Acts 24:9. And the Jews also assented, saying that these things were so. The rendering of the better authenticated reading, συνεπε ́ θεντο instead of συνε ́ θεντο , would be: ‘And the Jews also assailed him (or them);’ that is, they joined their voices to their advocate’s in his charges against Paul, and probably against Claudius Lysias also, bearing their testimony to the truth of the facts as alleged in court by Tertullus.
Paul’s Defence against the Sanhedrim’s Accusation before Felix; Procurator Judæa, 10-21.
Acts 24:10. Then Paul, after that the governor had beckoned unto him to speak, answered. Paul’s defence was a strange contrast to the lying flatteries and the distorted accusations which made up the speech of the Sanhedrim advocate Tertullus. He prefaces his masterly address by a few graceful, well-chosen words of courtesy to the Roman official presiding over the court, in which he simply expresses his contentment at having to defend himself before a judge who had had such ample opportunities of making himself acquainted with the condition of the Jewish nation and its varied schools of thought: in the present instance, he added, the task of the judge would be an easy one; for only twelve days had elapsed since he, Paul, had arrived at Jerusalem as a pilgrim, and in that time he had certainly engaged in no dispute ox argument which could possibly stir up sedition. The prisoner then passed to the second charge, the being a ‘Nazarene ringleader.’ He certainly did belong to that sect, but he worshipped no strange Gods. His God was the God of his fathers; his creed, the creed of the great bulk of the Jewish nation, a religion acknowledged and sanctioned by Roman law the central point of which creed was the belief in the resurrection of the dead, in which belief, surely, his accusers shared.
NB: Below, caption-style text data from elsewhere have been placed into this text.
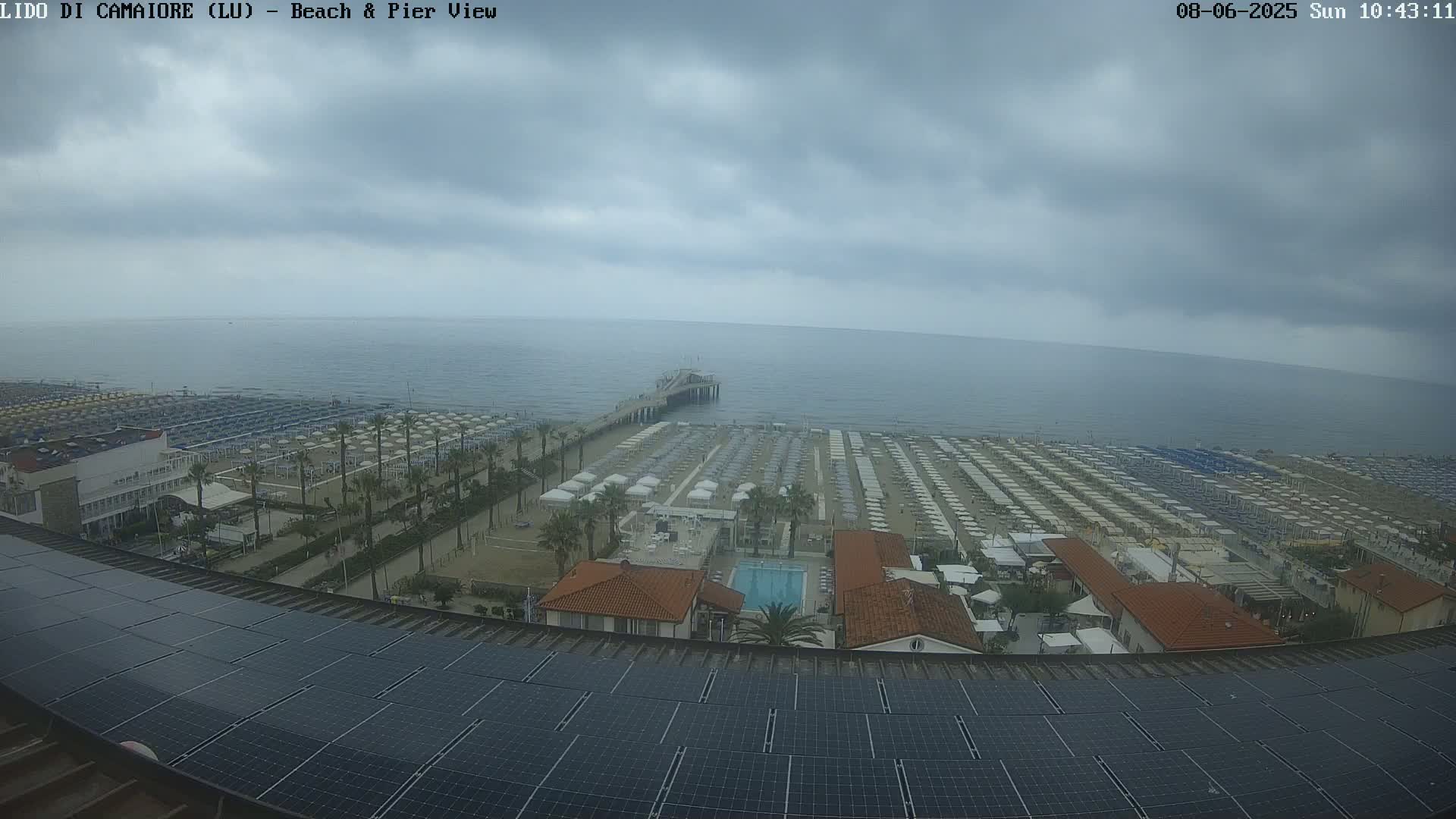 A beach with rows of umbrellas and a pier extends into a calm sea under an overcast sky.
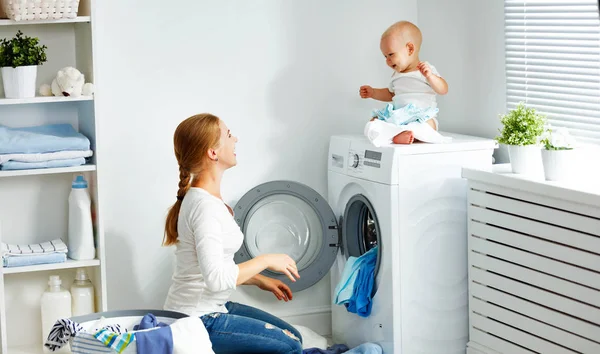 Mother housewife with baby engaged in laundry fold clothes into — Stock Photo, Image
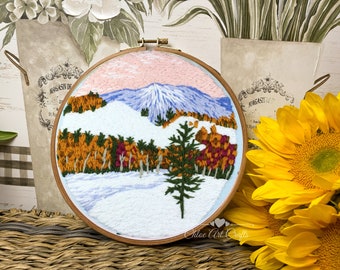 Può includere: Ricamo fatto a mano in un telaio di legno. L'opera raffigura un paesaggio montano invernale con terreno innevato, alberi colorati e una catena montuosa blu sotto un cielo rosa e blu. Il nome dell'artista, "Chloe Art Crafts", è visibile.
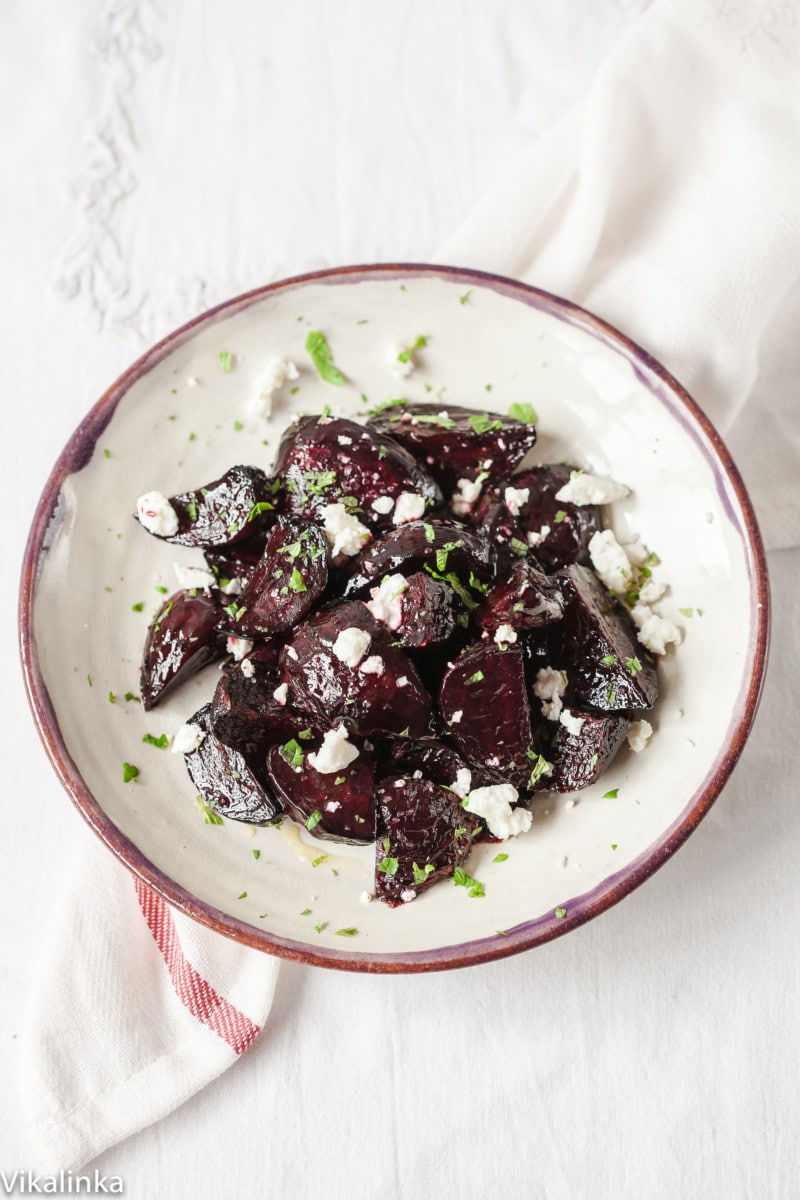 Top down view of a plate of roasted beets with crumbled goat cheese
From this he turned to the third and last charge pressed against him, ‘the profanation of the temple,’ Far from having profaned that sacred house, his very object in coming to Jerusalem was, after distributing the alms he had collected in far lands for the poor of his people, to perform certain holy rites enjoined on pilgrims in connection with the temple; and it was in the carrying of these out in the temple, that some foreign Jews from Asia seized him and accused him of profanity. Where were these men who had brought such strange meaningless charges against him? Surely they ought to have been present in person. If they, the real accusers, however, have for some unknown reason not chosen to present themselves, let these, pointing to the Sanhedrim representatives, say plainly what evil they have found me doing or saying, except that one assertion of mine respecting the resurrection of the dead.
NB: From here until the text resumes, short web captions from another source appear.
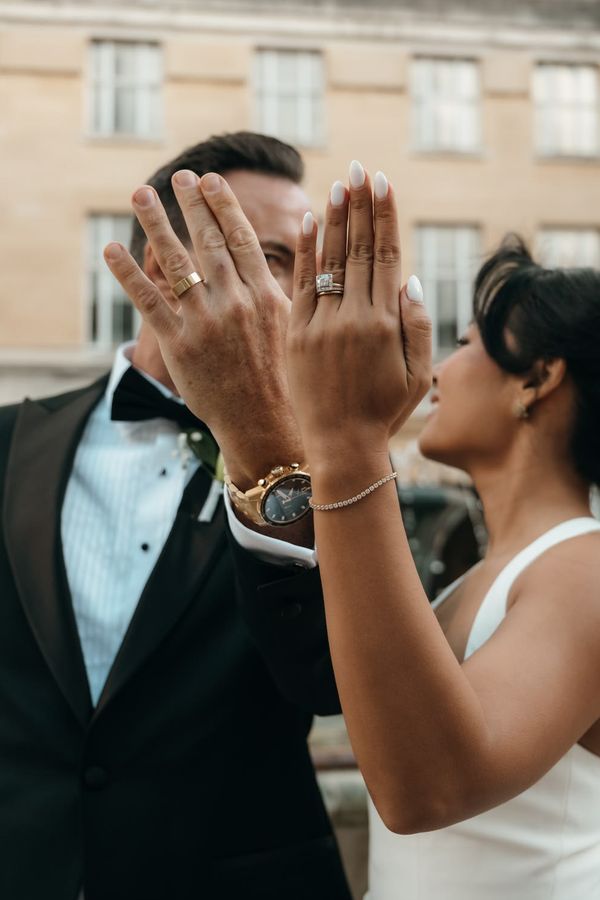 Bride and groom put their left hand up to the camera to show off their new wedding rings and alternative engagement ring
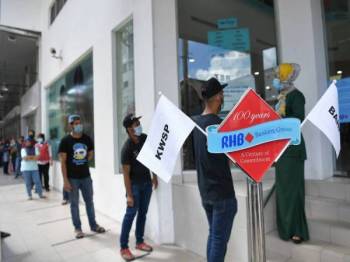 Orang ramai mematuhi jarak sosial 1 meter ketika beratur bagi urusan permohonan Skim Pengeluaran Wang Akaun 2 i-Lestari, Kumpulan Wang Simpanan Pekerja (KWSP) di RHB Bank ketika tinjauan Perintah Kawalan Pergerakan (PKP) yang masuk hari ke-26 hari ini. - Foto Bernama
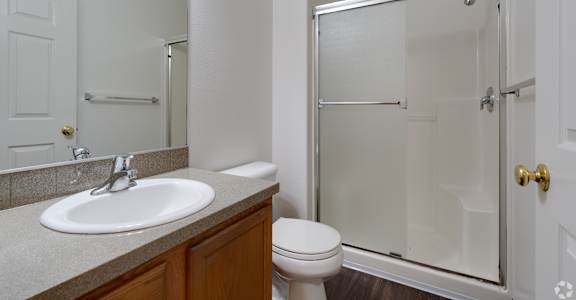 A white bathroom with a toilet, sink, and shower.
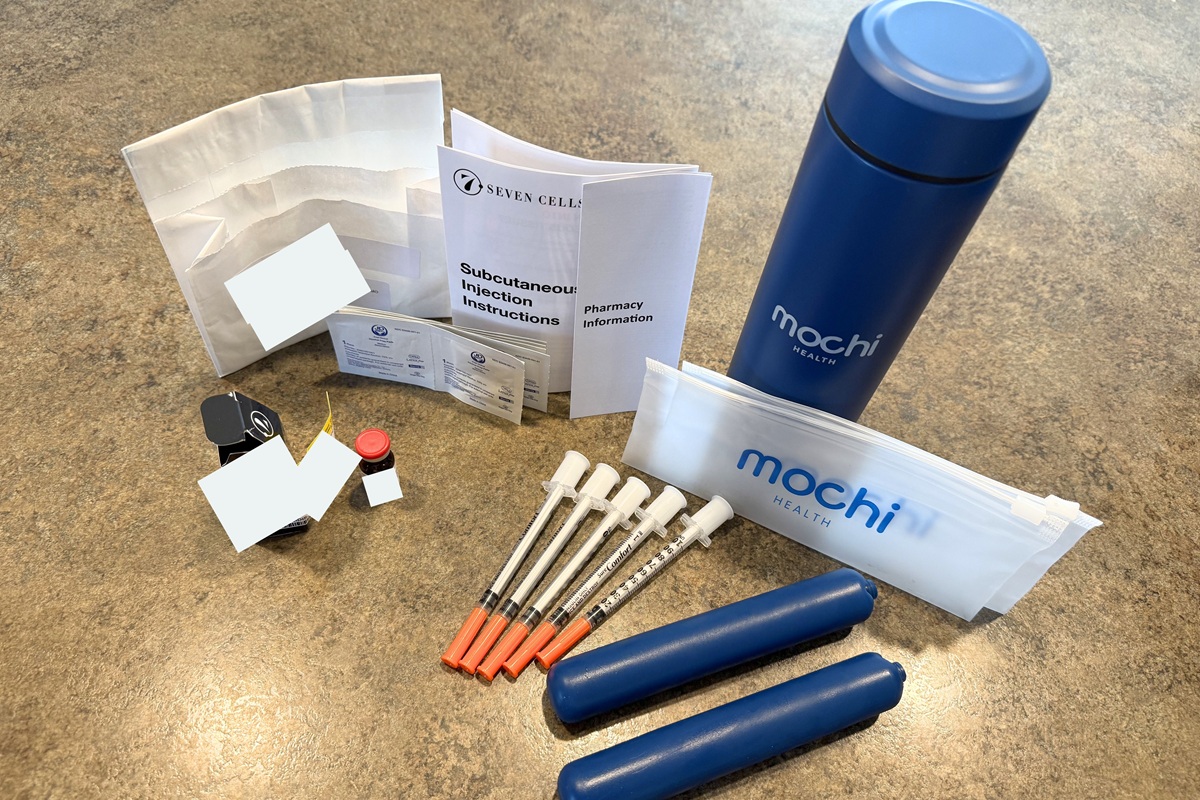 Mochi Health Medication vial, water bottle, two ice packs, instruction sheets, alcohol wipes, and extra sharps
Forasmuch as I know that thou hast been of many years a judge unto this nation. We know Felix had been procurator since A.D. 51-52; he had therefore been ‘judge’ now six or seven years, a comparatively long period at a time when these higher magistrates were changed and shifted so constantly. It is, however, probable that he had held office among the Jewish people for even a much longer time, for Tacitus speaks of him as governor of Samaria when Cumanus was Procurator of Judæa. If this were the case, it would give him some four years more experience of Jewish manners and customs.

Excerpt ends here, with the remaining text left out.